Our study had several important limitations. First, its cross-sectional design did not allow the assessment of a cause-effect relationship between clinical and demographic factors and PPI prescribing. Second, we were unable to determine the PPI treatment duration. It is possible that specific associations between PPI prescribing and clinical and demographic characteristics might depend on temporal prescribing patterns. Third, we were able to collect a full set of admission and discharge data to assess the effects of the educational strategy only in 60% of patients with inappropriate PPI prescribing. This could have been due to a number of reasons, e.g. hospital death or transfer to another hospital with limited access to clinical information.
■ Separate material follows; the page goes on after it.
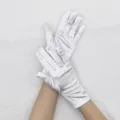 Gants courts en satin extensible blanc, idéaux pour bals de promo, robes et réception. - Blanc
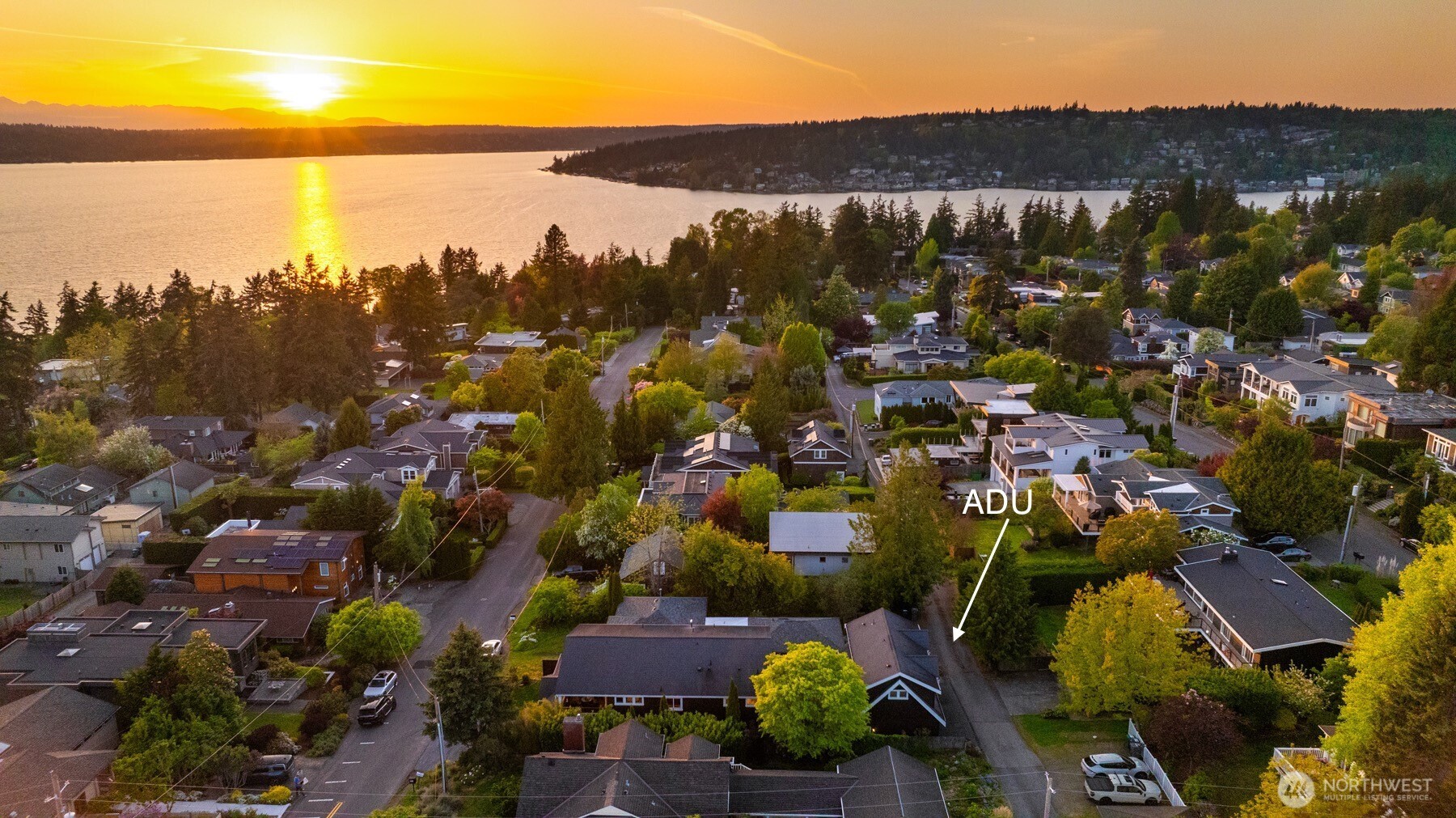 ADU above 3 car detach garage — 698sq’ 2 homes, one lot!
Although this might curtail data interpretation, there were no substantial differences between the group with full data available (n = 60) and the whole group of patients with inappropriate PPI prescribing (n = 100; tables III and V), thus reducing the possibility of bias. Fourth, the educational strategy did not include a control group undergoing standard management. Including a control group during the study period was considered inappropriate because of the significant risk of contamination due to the single study location. Although potential differences between the three study phases were accounted for in regression analysis, it is not possible to fully rule out the potential for temporal variability in patients’ characteristics as an important confounding factor.

Conclusions

Our study has shown that PPIs are commonly prescribed in older hospitalized patients. The analysis of the factors associated with inappropriate PPI prescribing suggests that patients with dementia might represent a useful starting group for medication review strategies. Finally, hospital-based educational strategies might be useful to actively review the need for PPI use and reduce inappropriate PPI prescribing. Further studies in similar healthcare setting are required to confirm these results.